Report details simpler way to track freight on Oregon's highways

Trucks move freight along Oregon's freeways

Freight transportation is an important part of Oregon’s economy. Helping the statewide freight-transport system run more efficiently means better understanding the movements of trucks on the highways. By monitoring the progress of individual trucks, the Oregon Department of Transportation can obtain valuable performance metrics such as travel time, travel delays, and origin-destination flows. This information can help identify slow passages or bottlenecks in the highway system.

Tracking individual trucks, however, can be problematic. To follow the movements of a truck on the freeway, typical methods might include putting in automatic vehicle identification (AVI) tags, or acquiring a license-plate-recognition system to be used at checkpoints. For ODOT, this could mean purchasing expensive new equipment. Moreover, these tracking methods can raise privacy concerns.

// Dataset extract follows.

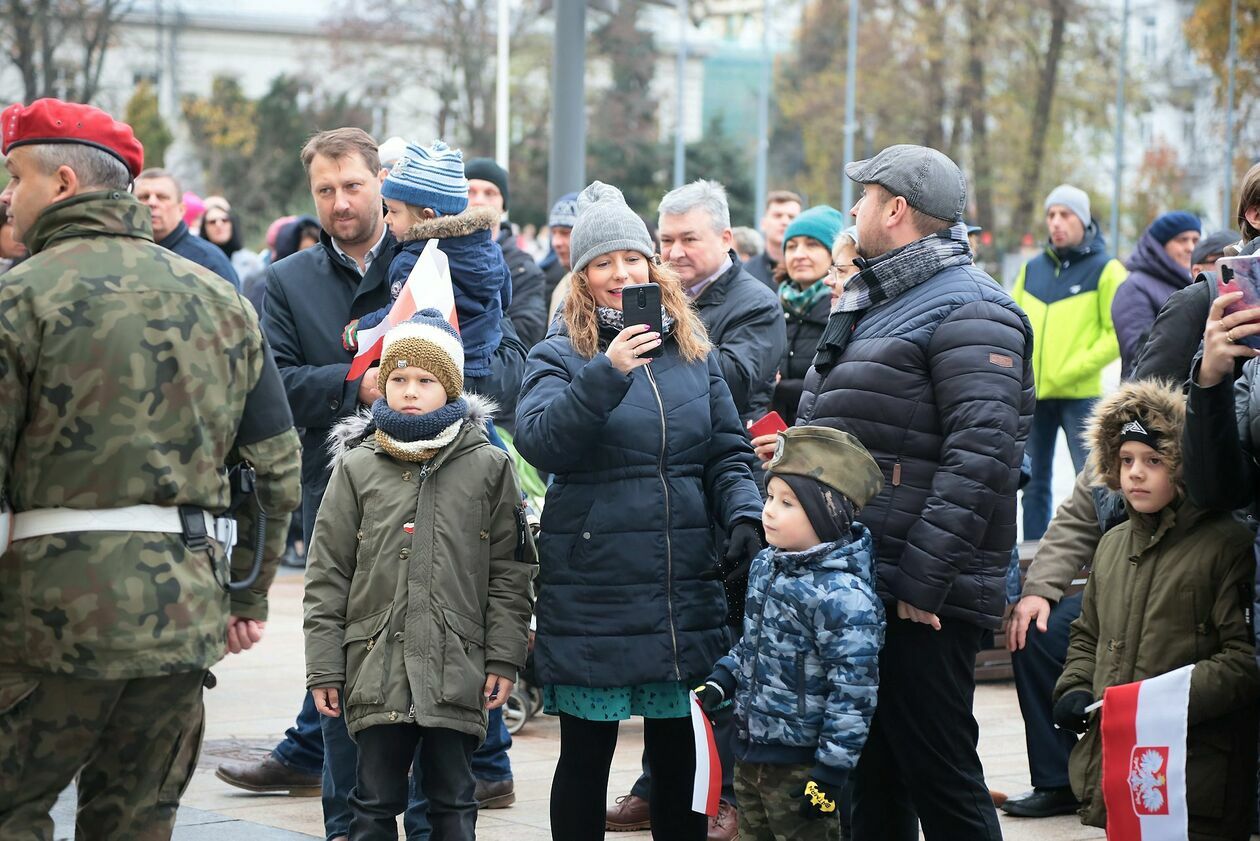 Dzień Niepodległości na Placu Litewskim (zdjęcie 4) - Autor: Piotr Michalski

In an OTREC-sponsored research project, Portland State University’s Chris Monsere looked into alternative methods for obtaining those helpful freight metrics without installing tracking units in every single truck. The details of Phase 2 of the project, which expand upon and further refine the results of Phase 1, can be found here. For more information, download the OTREC final report: Exploratory Methods for Truck Re-identification in a Statewide Network Based on Axle Weight and Axle Spacing Data to Enhance Freight Metrics: Phase 2

Vehicle reidentification is the process of matching vehicles from one point on the roadway to the next. With the process developed by Monsere this can be done anonymously, and inexpensively, using tracking methods that are already in place. Oregon’s highways, like elsewhere in the US, are dotted with weigh-in-motion (WIM) and automatic vehicle classification (AVC) stations. At these stations, vehicle attributes including truck weight, axle spacing and axle weight are recorded. 

This information is collected for reasons unrelated to freight efficiency; for example, truck weight data from WIM stations is often used in bridge design, to learn the average weight of vehicles that will be passing over the bridge. Monsere and his research team used archived data to single out trucks passing through one WIM station, and then attempted to find those same trucks in the data from a second WIM station, several hundred miles from the first. Using the axle weight, axle spacing, and truck weight, they matched the records to reidentify the trucks as they passed through the second station.

Since some of the trucks that Monsere and his team tested (about 20-35 percent of them) were carrying Green Light transponders, which also register at the WIM stations, these particular trucks provided the needed data to test how well the reidentification methods were working. It was found that when 95 percent of the trucks passing through the stations were tested, the team was able to match them with 90 percent accuracy. The accuracy can be increased by reducing the total number of trucks matched; for example, matching 40 percent of all trucks crossing both stations results in 98 percent accuracy.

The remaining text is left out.